The SS Sussex was a French steamer ferry that made regular trips across the English Channel. On March 24th, 1916, at approximately 2:50pm, the Sussex was torpedoed by the German submarine UB-29. There were reportedly two torpedoes fired at the ship, and the first ripped off the bow of the ship, killing all the passengers there. The damaged ship drifted for nine hours before a French tug boat found it and dragged it back to the French port of Boulogne. Out of the 380 passengers on board, fifty were killed, and thirty others injured. Out of these thirty, twenty-five were Americans.
the Government of the United States is at last forced to the conclusion that there is but one course it can pursue; and that unless the Imperial German Government should now immediately declare and effect an abandonment of its present methods of warfare against passenger and freight carrying vessels this Government can have no choice but to sever diplomatic relations with the Government of the German Empire altogether”

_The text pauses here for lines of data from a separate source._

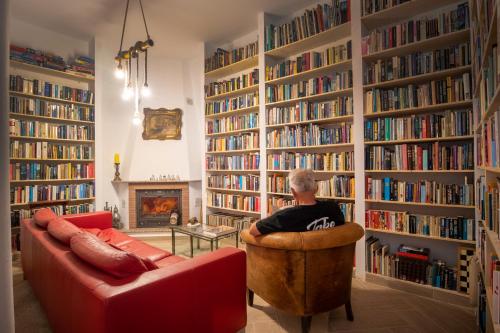 孔佩塔Malaga Hills Double Comfort Boutique & Wellness Hotel -Adults Only-的坐在图书馆椅子上的男人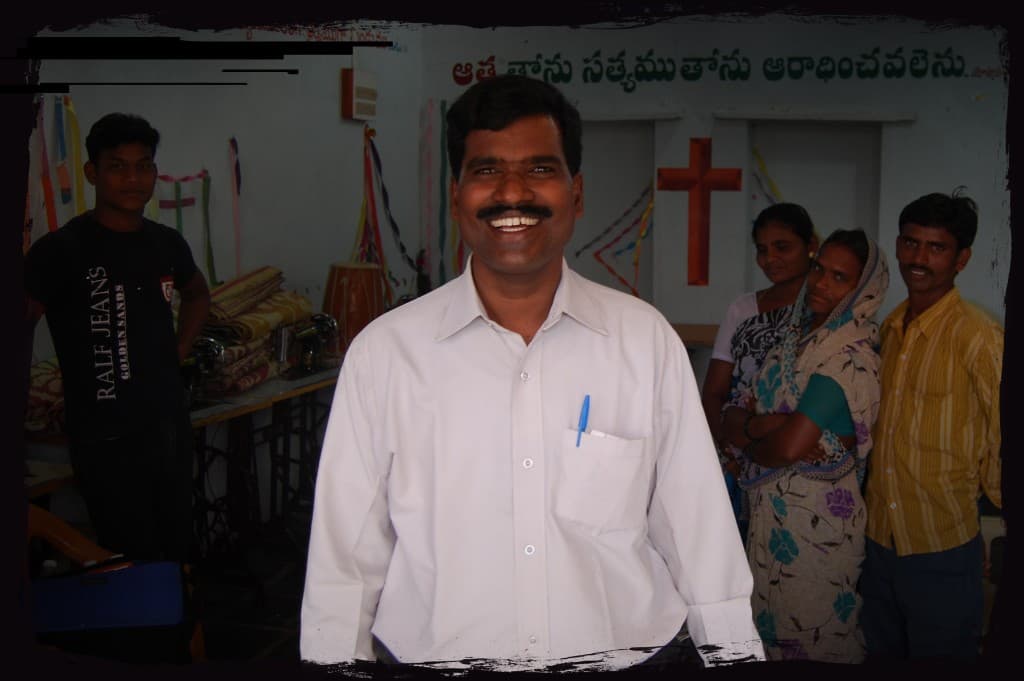 A pastor standing in a church hall with congregation members and vocational sewing machines behind him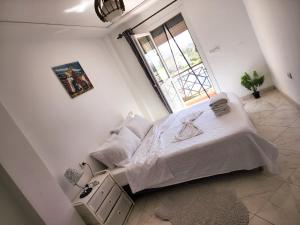 Кровать или кровати в номере FamilyConfort Saidia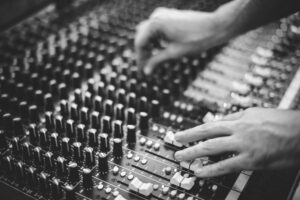 Person using a soundboard.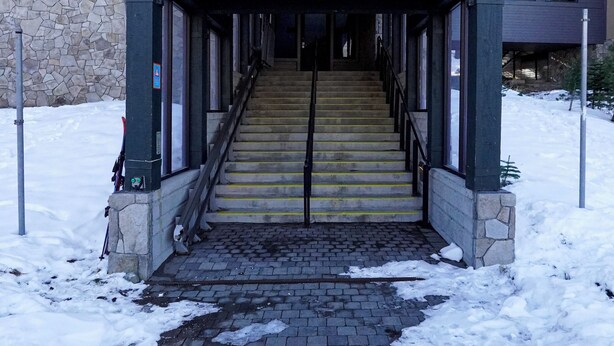L’entrée d’un immeuble, avec une enseigne indiquant « Snowcrest Lodge » et le numéro « 1215 ».
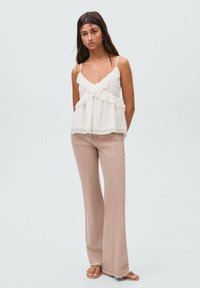 Witte, mouwloze, gerimpelde blouse met een vloeiende uitstraling, gecombineerd met lichtbeige, flare broeken en platte sandalen. Gladde textuur, casual uitstraling.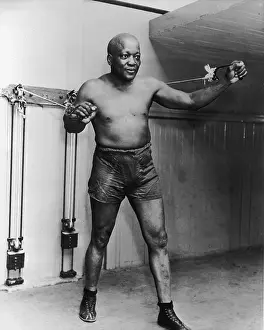 Prints of circa 1905: American heavyweight boxing champion Jack Johnson (1878 - 1946) stands and holds two handles as he works out with weights on pulleys. (Photo by American Stock/Getty Images) In the Ring: The Art of Boxing: Jack Johnson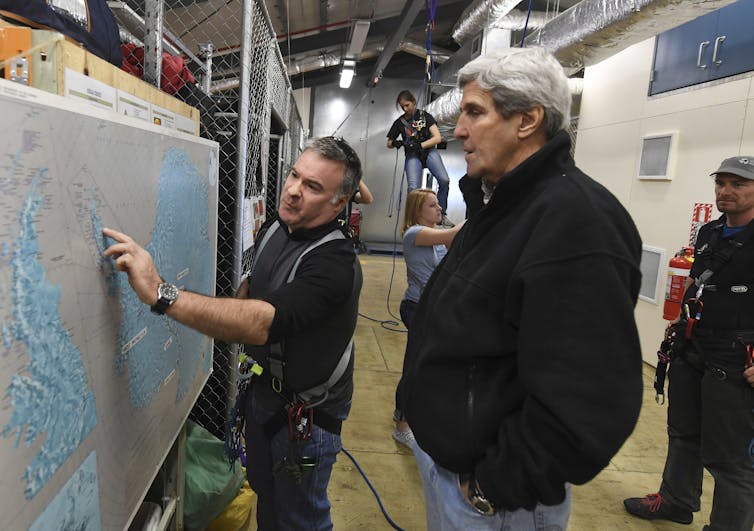A man in a dark jacket watches as another man points at a map.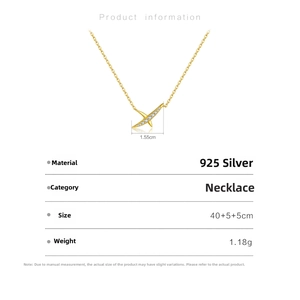 Detail of 925 silver gold necklace with geometric cross pendant and cubic zirconia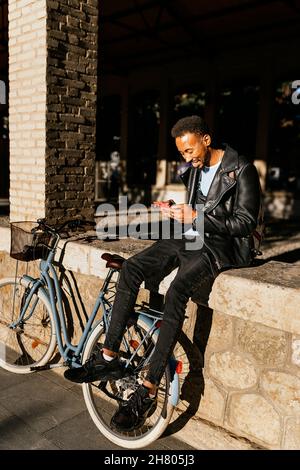 Full body side view of cheerful African American male with backpack sitting with bicycle on paved street near building in city Stock Photo
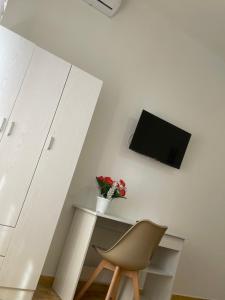 a white desk with a chair and a tv on a wall at Filippo Accomodation in Tropea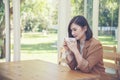 Asian Woman drink black coffee hand holding cup at green garden cafe. Young woman smile face love drink coffee. Beauty woman Royalty Free Stock Photo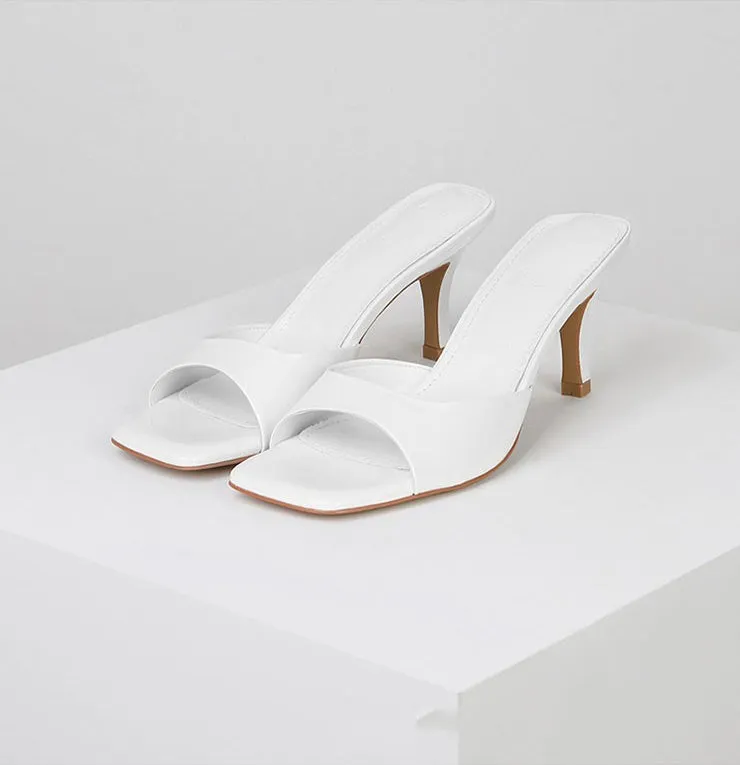 Women's square toe stiletto heel sandals in nude, black, and white on a rubber sole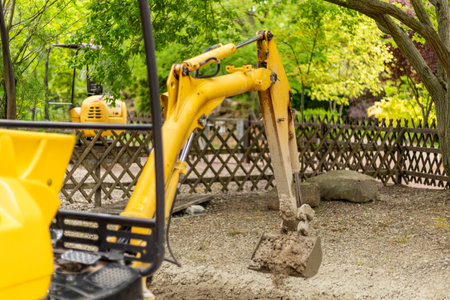 A yellow excavator is digging into the soil at a construction site surrounded by green trees and a wooden fence, highlighting a busy outdoor work environmentの写真素材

- President Woodrow Wilson addressing Congress - Warning Germany
19 April 1916
On April 19th, 1916, President Woodrow Wilson addressed Congress, using this publicized event as a way to indirectly address Germany, threatening to sever all the United States’s diplomatic relations with Germany if they did not cease to attack passenger ships. In May of 1916, “under intense pressure from the United States, and in the face of mounting evidence including pieces of the torpedo along with testimony by survivors and others, the Germans admitted responsibility,” attributing the incident to mistaking the ship for a minelayer. On the fourteenth of that month, Germany made the Sussex Pledge, where they promised not to bomb neutral ships, and to search any ships suspected of carrying weapons before firing upon them.